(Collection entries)
= = = = = = =

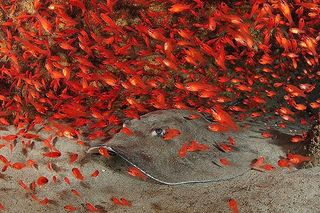 sting-ray-cardinal-fish-02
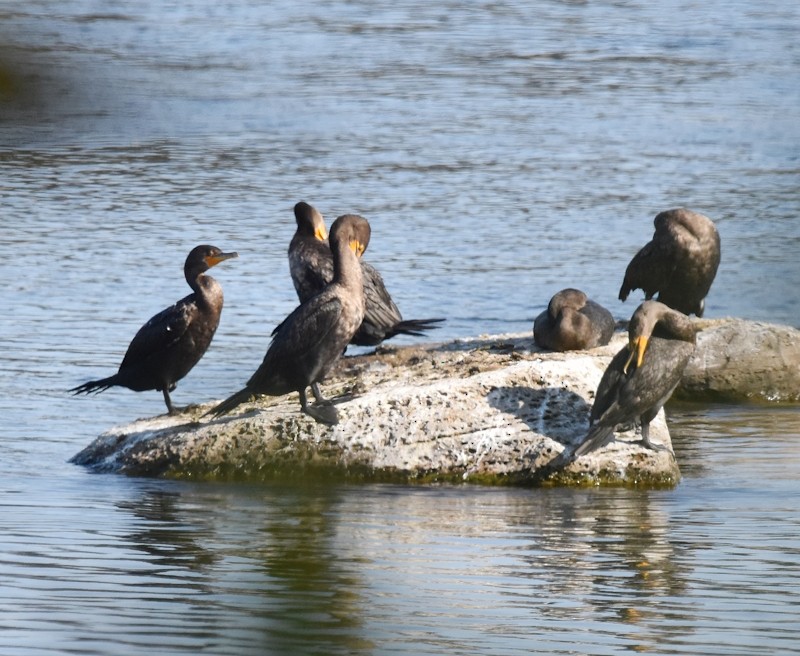 Double-crested Cormorant - ML642980177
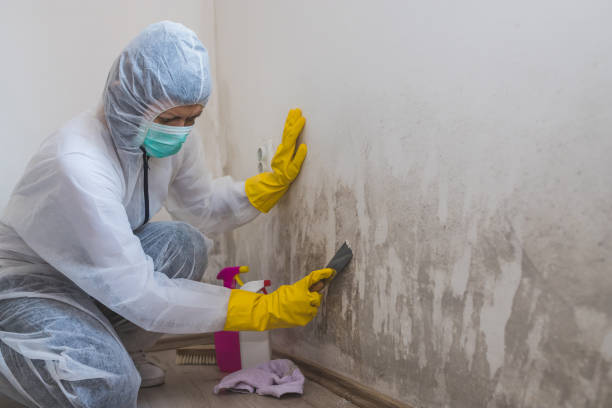 Best Residential Mold Removal  in Morgan Hill, PA
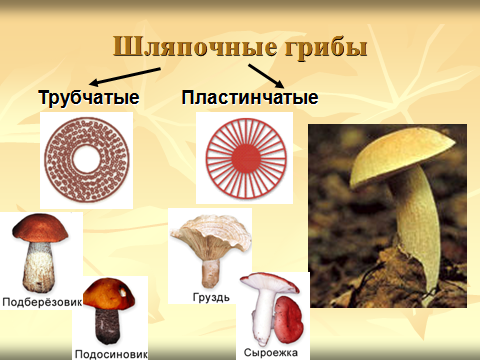 Конспект урока на тему В царстве грибов
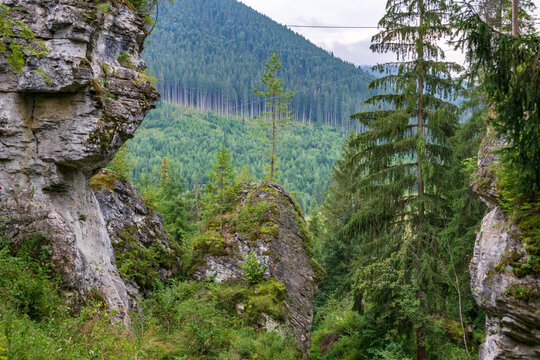 Rocks that surround the bears' cave, Fairies Garden, Borsec, Romania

= = = = = = =

# WHAT IS EXPECTED
Write the records out again verbatim and omit the pictures they contain.

# WRITTEN SOLUTION
 sting-ray-cardinal-fish-02
 Double-crested Cormorant - ML642980177
 Best Residential Mold Removal  in Morgan Hill, PA
 Конспект урока на тему В царстве грибов
 Rocks that surround the bears' cave, Fairies Garden, Borsec, Romania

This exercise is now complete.